The original Juiced took a twisted path to retail stores; first set to be published by Acclaim, the street racing game was taken over by THQ when Acclaim shuttered its offices. Once the street racing game finally hit the streets, it wasn't welcomed with open critical arms, yet it still managed to pull off some interesting tricks in its own right. Now the Juiced series is continuing on the PlayStation Portable with Juiced: Eliminator, a preview copy of which we got to check out at a recent THQ press event.
Like its console predecessor, Juiced: Eliminator is a street racing game, so you'll spend the majority of your time with the game burning hot laps around its multiple racing locations (two of which are new for the portable game: Chinatown and Angel Raceway). Also new for the game are a number of new cars to roll in, including makes such as the Ford Mustang GT, the Toyota Scion TC, and the Renault Megane Sport. In all, Eliminator will feature eight new car models, as well as more than 100 new body-kit components you can use to customize your ride as you see fit.
The team-based component in the original Juiced was one of the game's highlights. In that game, you could choose to have teammates race individual races in your stead. For team events, your goal was to have your entire team across the finish line before your opponent's crew. The same concepts apply in Eliminator, and they've been beefed up a bit, as well. In addition to the inclusion of eight new teams and crew chiefs in the game, Eliminator will let you form a team composed of your friends via the PSP's wireless connection and even race rival human teams in the process. That sounds good in theory. Unfortunately, we weren't able to get a crew up and running at the event, but it's definitely a feature that warrants further inspection.
The multiplayer aspects of Eliminator look to be a major attraction for the game. One of the coolest aspects we know about the game is the ability to race for "pinks" in multiplayer sessions. Anyone who has seen the show Pinks on Speed Channel knows the concept here: Two people enter the race, and the winner of the contest takes home the other player's ride.
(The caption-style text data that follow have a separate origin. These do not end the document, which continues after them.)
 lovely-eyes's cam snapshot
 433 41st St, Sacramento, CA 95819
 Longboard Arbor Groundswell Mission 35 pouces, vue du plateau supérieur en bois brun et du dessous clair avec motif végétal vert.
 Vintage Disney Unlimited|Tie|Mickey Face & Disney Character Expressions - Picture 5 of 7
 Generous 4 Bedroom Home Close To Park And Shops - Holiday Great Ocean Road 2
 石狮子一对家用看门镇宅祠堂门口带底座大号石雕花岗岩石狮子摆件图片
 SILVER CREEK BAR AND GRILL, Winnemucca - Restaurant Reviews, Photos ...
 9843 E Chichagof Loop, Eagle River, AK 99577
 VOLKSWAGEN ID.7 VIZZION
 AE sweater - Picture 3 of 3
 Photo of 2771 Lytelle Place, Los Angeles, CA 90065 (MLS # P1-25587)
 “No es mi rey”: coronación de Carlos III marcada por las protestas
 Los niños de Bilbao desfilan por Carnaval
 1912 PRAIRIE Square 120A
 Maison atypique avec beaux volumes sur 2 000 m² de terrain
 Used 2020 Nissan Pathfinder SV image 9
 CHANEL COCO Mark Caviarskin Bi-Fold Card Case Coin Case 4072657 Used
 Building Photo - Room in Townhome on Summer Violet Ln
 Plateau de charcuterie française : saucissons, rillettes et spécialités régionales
The idea of losing a car you've spent a lot of time upgrading and customizing in the game or, better yet, winning your opponent's tricked-out ride, is certainly compelling; we're just not certain we'd have the guts to put our precious car on the line.
Other game modes in Eliminator include arcade and custom races and, the most robust single-player option, the career mode. Diving into the career mode straightaway, we were greeted by an attractive lady (and, let's face it, what other kind of women populate street racing games?) named Nina, who challenged us to a heads-up race. We had to put some money on the line and, being the high rollers that we aren't in real life, we put down the maximum amount: $2,500. Unfortunately for us, Nina was no pushover, and though we fought her and our understeering car to the finish line, we ended up losing the race and our cash. From there it was time to buy our very first car--we chose a lime green VW bug, though perhaps if we hadn't lost the twenty-five hundred bucks, we could have picked a slightly hotter ride. Producers told us that Eliminator's career mode progression has been improved over the previous game; we'll need to see more of it to determine whether that claim is true.
In terms of control, the cars in Juiced certainly felt appropriately quick, especially when you're initiating the nitrous boost with the shoulder button. They also were very apt to understeer in the corners, and, as a result, we were often braking very hard into corners to get the ideal exit in corners. Perhaps some of the models you find later in the game are a bit more nimble in the turns--at least we hope so. Eliminator has a similar look to the previous games in the series, all the way down to the isometric radar that gives you a better view of the upcoming turns.
We'll have our final verdict of Juiced: Eliminator once it's released to stores in June of this year.